You can write a VxD for Windows 9x that executes in ring 0 and blocks system processes for time-critical operations by calling Adjust_Execution_Time or Adjust_Exec_ Priority; see Listing Twelve. But Windows 9x can crash if you use MMX instructions in VxD (see How to Use Floating-Point or MMX Instructions in Ring 0 or a VxD under Windows 95, http://developer.intel .com/drg/mmx/appnotes/). Until I inserted the two statements in Listing Thirteen in front of an MMX code block in my device driver, it often crashed. These calls preserve and restore the FP state, which is ultimately violated by the execution of MMX instructions.
Performance Measurement
A quick and dirty way of measuring the performance of critical code is to measure clock ticks before and after the code section. To improve the accuracy of measurement, the code should run in a loop. Also, the application priority should be boosted to its maximum value (Listing Fourteen) for more accurate results. It helps to terminate all running tasks and services and wait a few minutes to let the OS settle (flush disk buffers, complete page file I/O, and so on).

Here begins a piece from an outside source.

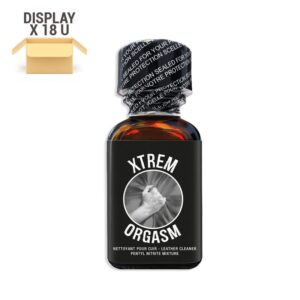 Poppers Xtrem Orgasm 25ml
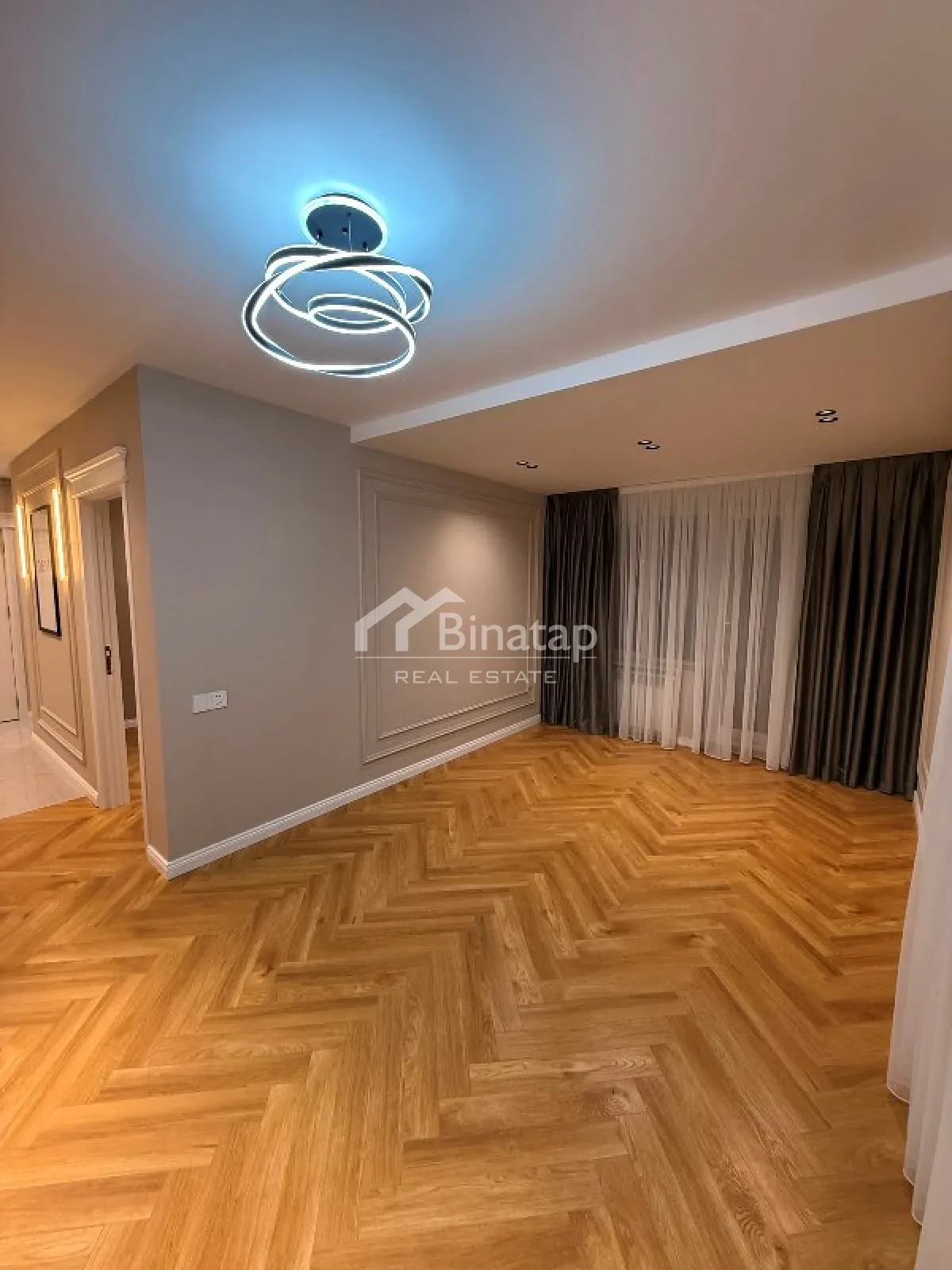 Satılır 2 otaqlı köhnə tikili 45 m², Elmlər Akademiyası m. — şəkil 2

The ideal running time is 1-2 seconds. Longer running times increase chances of preemption and introduce OS interference jitter. Because Windows 9x is less sensitive to priority changes, the performance measurements done under this OS are less accurate and can vary by 10-20 percent between runs.
Code Samples
Many of the code optimization techniques discussed here were developed in connection with the development of a real-time, PC-based ultrasound imaging system. Inside the imaging system, the data is constantly acquired by a specially designed PCI interface card, which notifies the CPU about the readiness of data by invocation of a hardware interrupt. An interrupt handler located in a device driver reads the data as fast as possible and initiates another data-acquisition cycle. The interrupt handler notifies a user-level GUI application by sending a message. The application must process and display acquired data as fast as possible to achieve maximum frame rate.
I initially wrote image processing functions in C and operated on 32-bit data. Because they were sluggish and could barely yield 2-3 frames per second on AMD's K6-2/350, I changed the data format to 8-bit and wrote all critical code using MMX instructions. This made a big difference -- frame rates soared to over 30 frames per second. In this section, I'll discuss some useful 8-bit signed image-processing functions and detail their implementation. The complete code that implements these techniques is available electronically; see "Resource Center," page 5.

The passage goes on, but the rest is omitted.